(Material for the task)
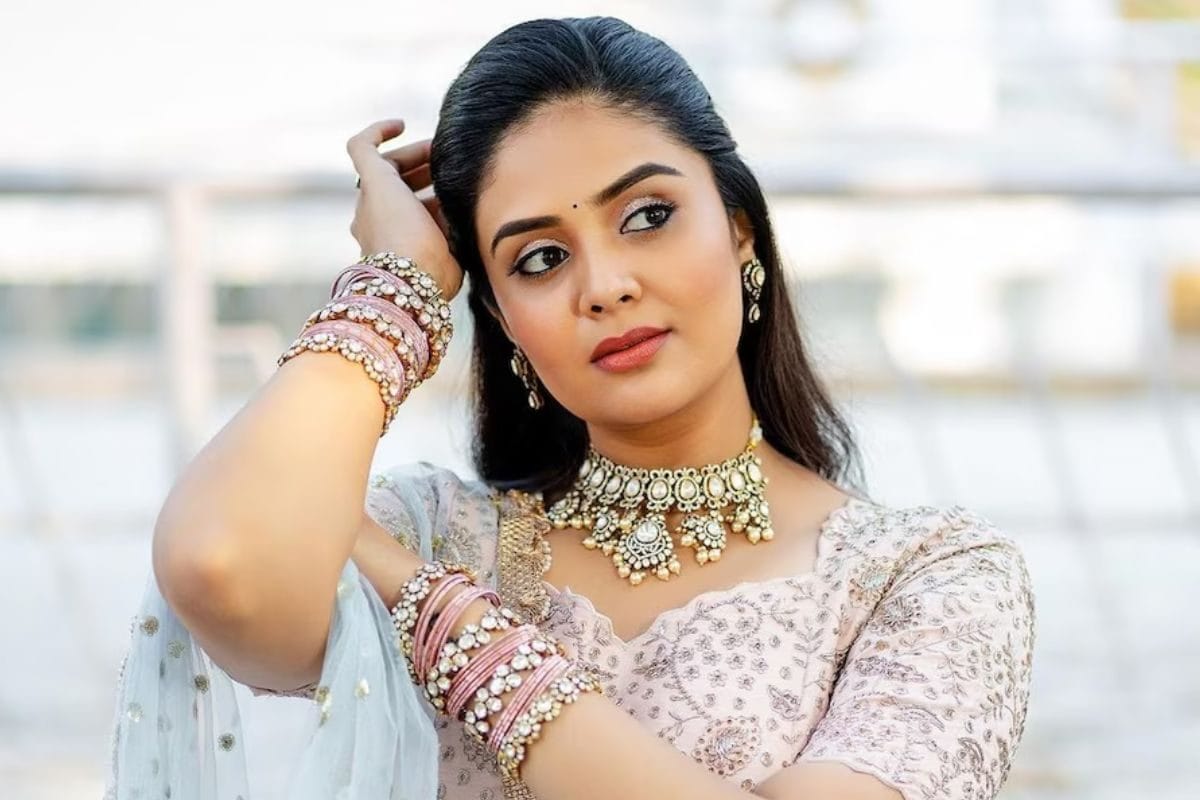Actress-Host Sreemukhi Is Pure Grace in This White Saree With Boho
(End Material for the task)
(Material for the task)
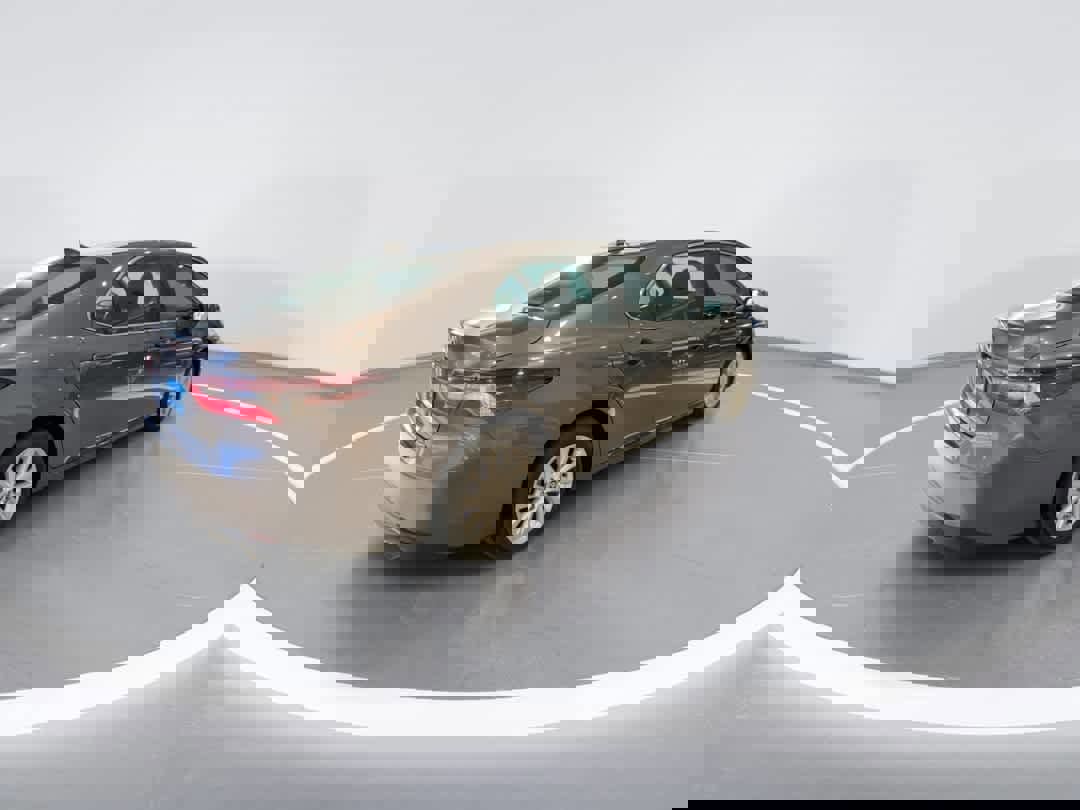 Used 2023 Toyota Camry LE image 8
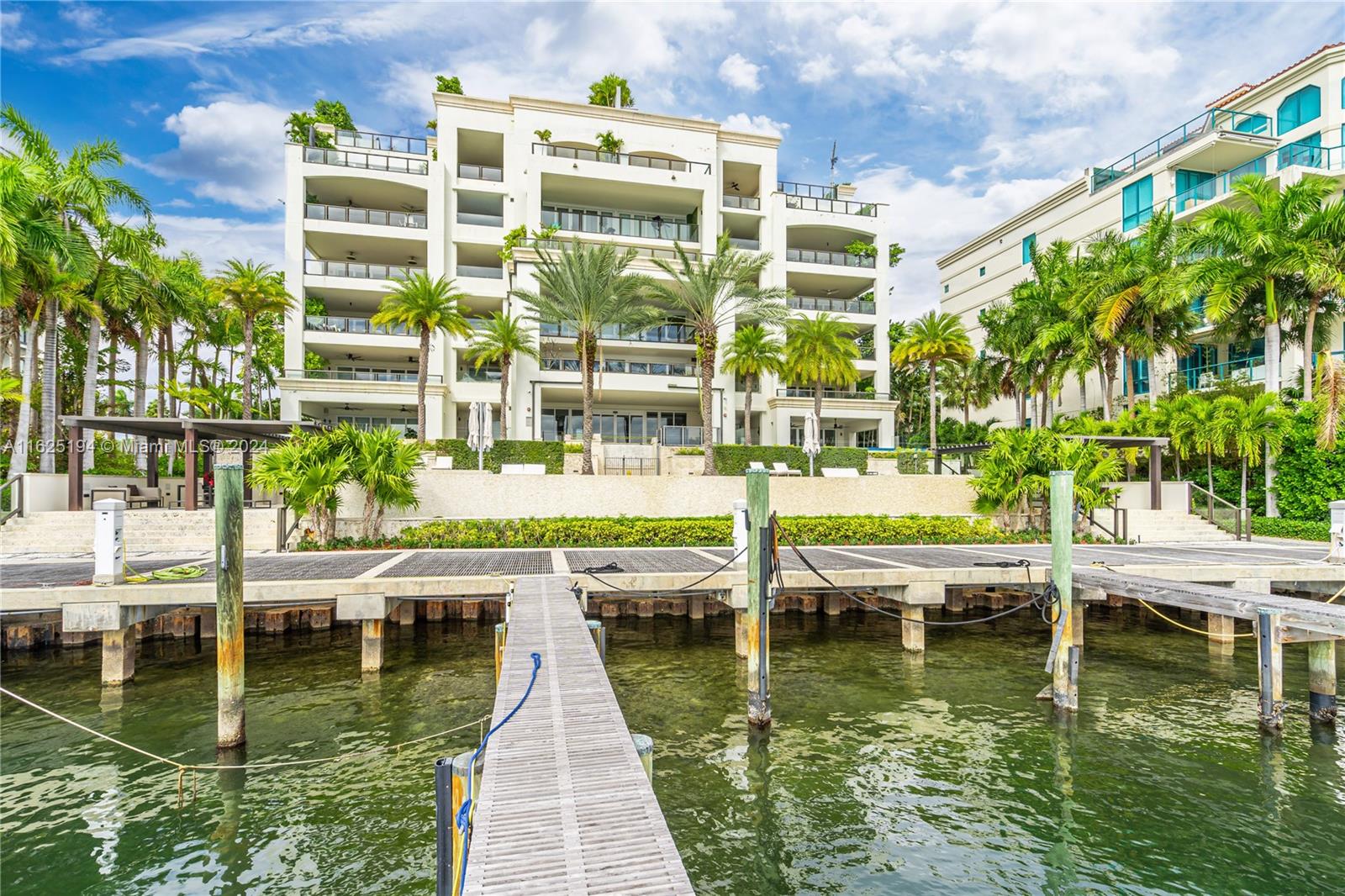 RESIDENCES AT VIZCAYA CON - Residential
(End Material for the task)
## Work task
Look above for the line with "Used 2023 Toyota Camry LE image 8" and the line with "RESIDENCES AT VIZCAYA CON - Residential", then restate exactly those two lines and all lines between them, with no pictures.

## Reply to the task
 Used 2023 Toyota Camry LE image 8
 RESIDENCES AT VIZCAYA CON - Residential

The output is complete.